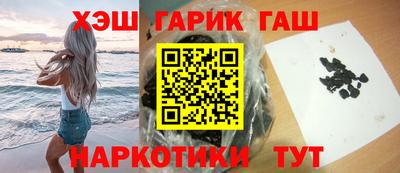 ПСИЛОЦИБИНОВЫЕ ГРИБЫ Лесосибирск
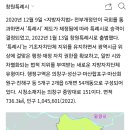 대산체육공원 이미지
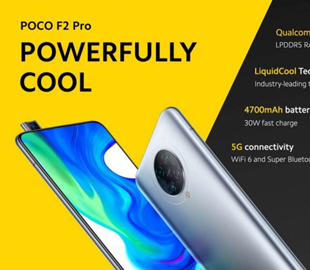 Представлен Poco F2 Pro: еще один доступный флагман от Xiaomi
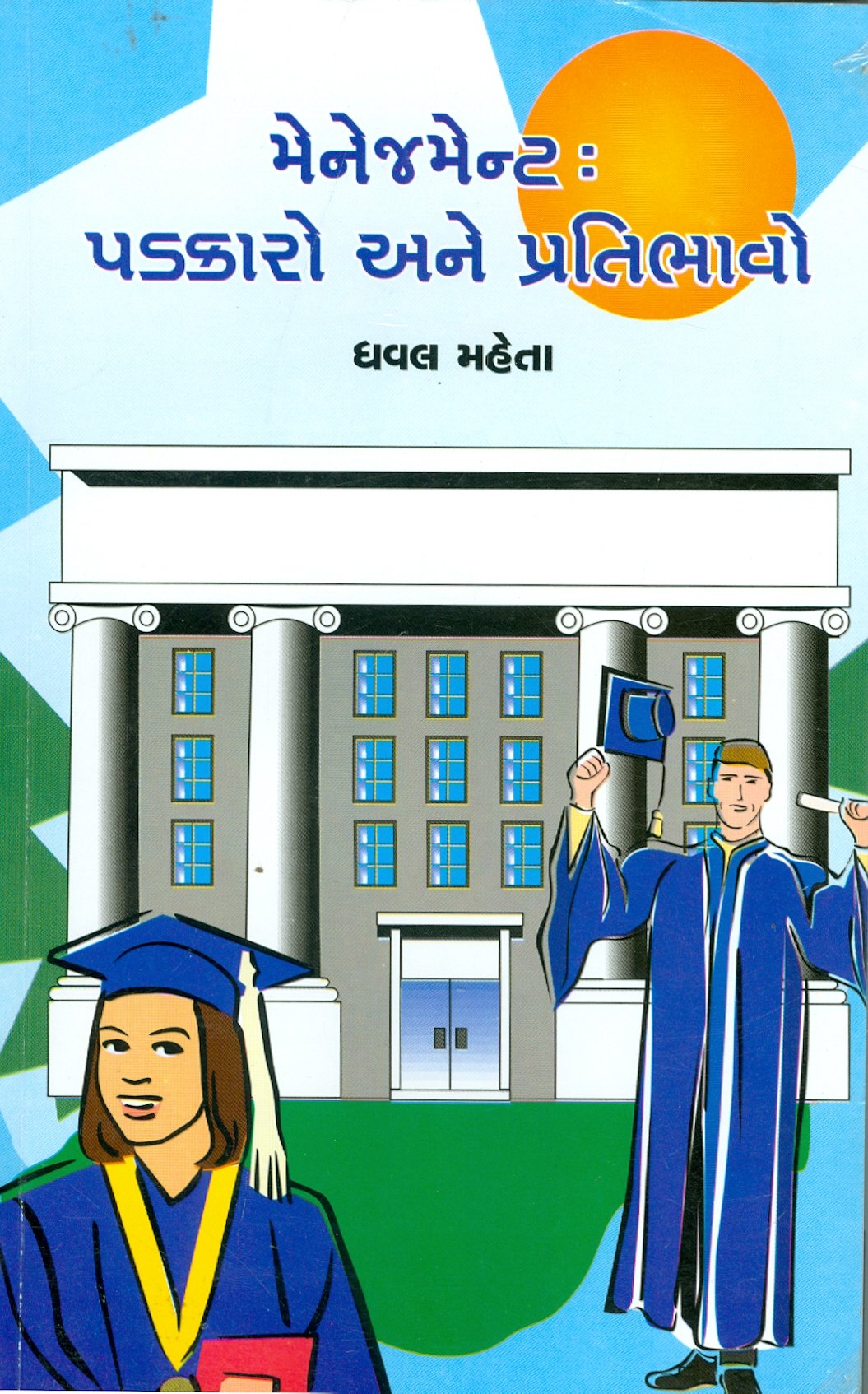 Manegment: Padkar Ane Pratibhavo (મેનેજમેન્ટ : પડકાર અને પ્રતિભાવો)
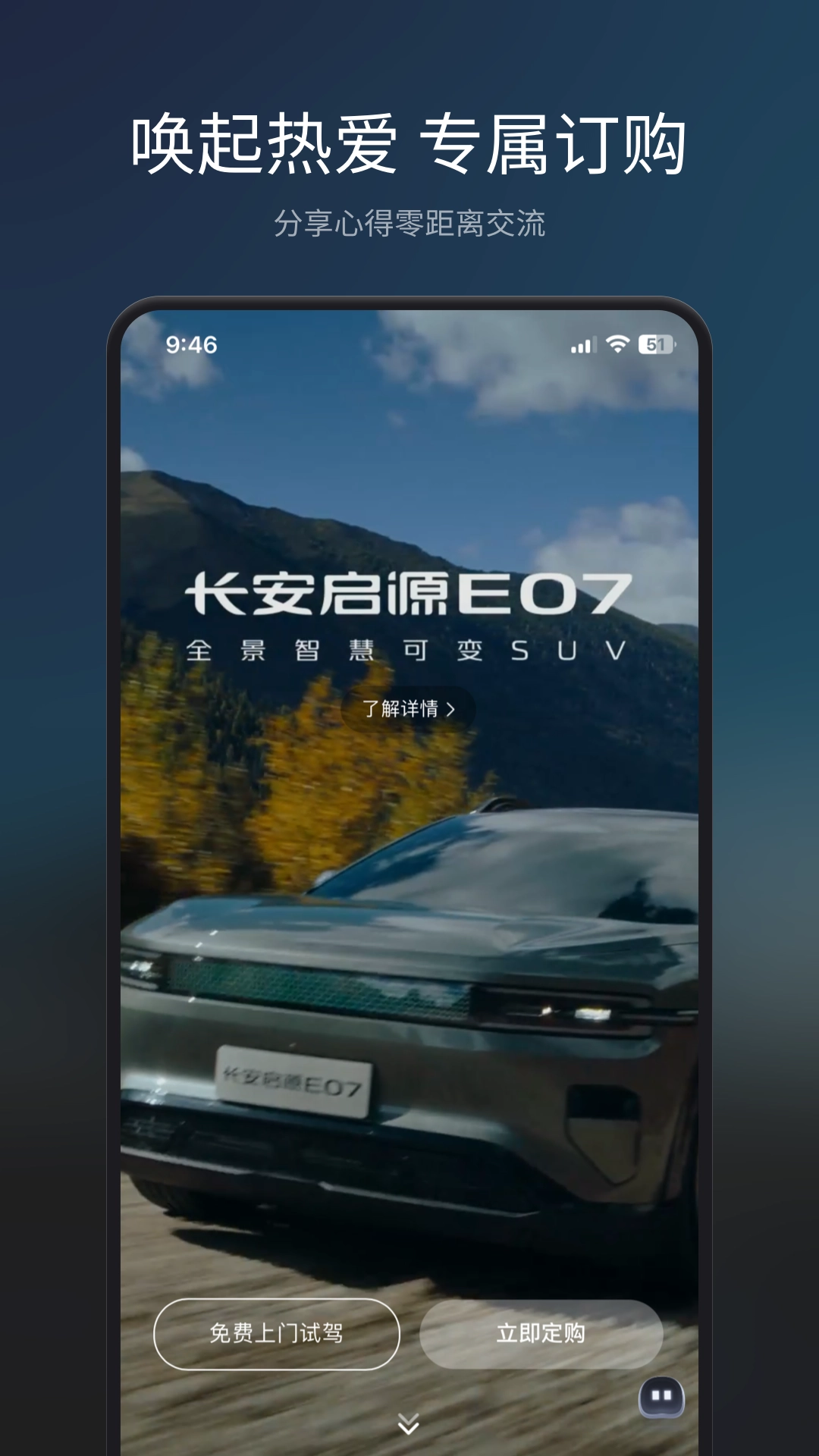 长安Topspace截图4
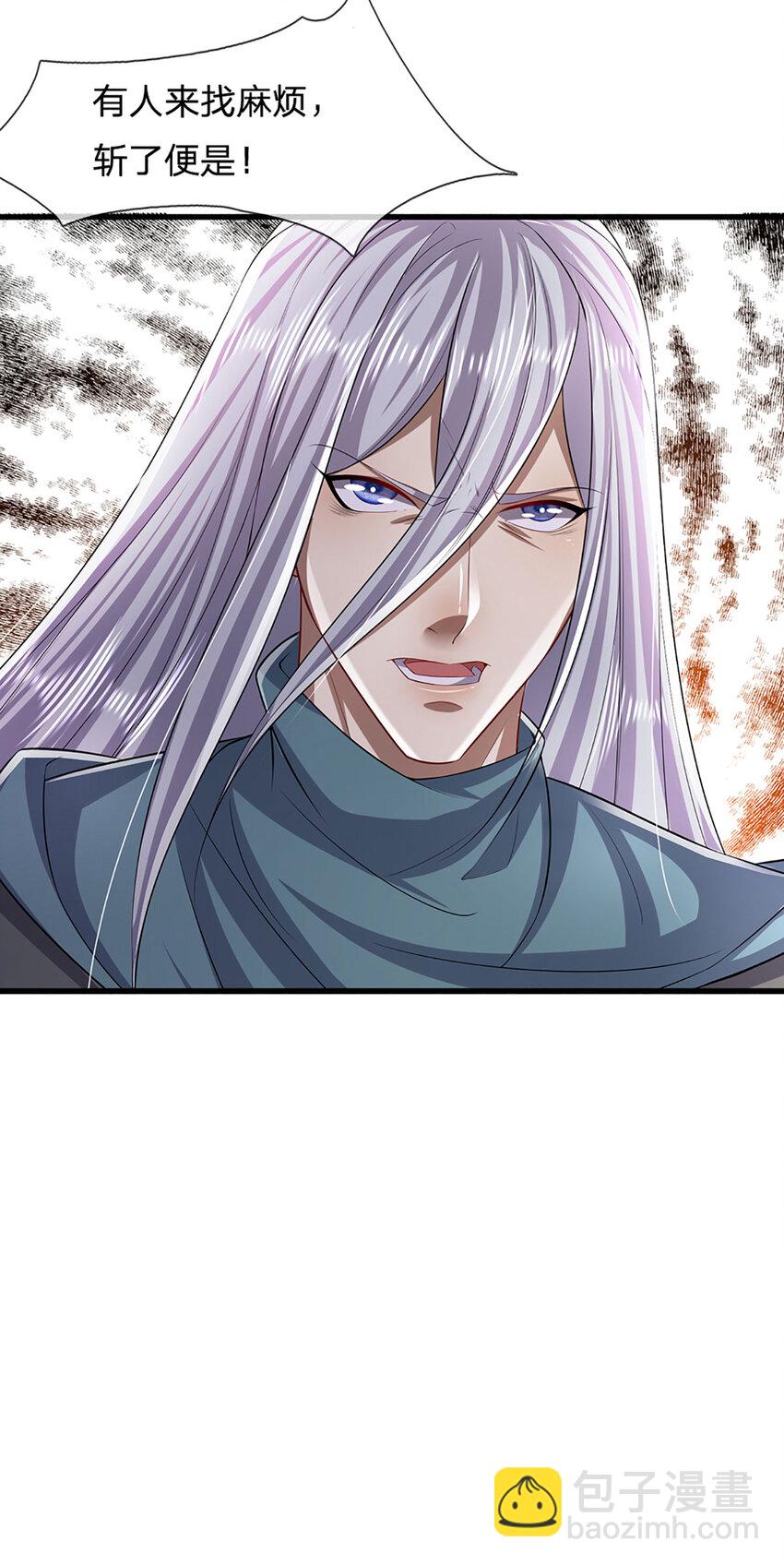 🍵被困百万年：弟子遍布诸天万界 第259话 如此戏耍，查找下落 第19页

-=-=-

WORK TO BE COMPLETED: A verbatim retyping of the listing, without any pictures, is the expected answer.

EXERCISE OUTPUT:
 ПСИЛОЦИБИНОВЫЕ ГРИБЫ Лесосибирск
 대산체육공원 이미지
 Представлен Poco F2 Pro: еще один доступный флагман от Xiaomi
 Manegment: Padkar Ane Pratibhavo (મેનેજમેન્ટ : પડકાર અને પ્રતિભાવો)
 长安Topspace截图4
 🍵被困百万年：弟子遍布诸天万界 第259话 如此戏耍，查找下落 第19页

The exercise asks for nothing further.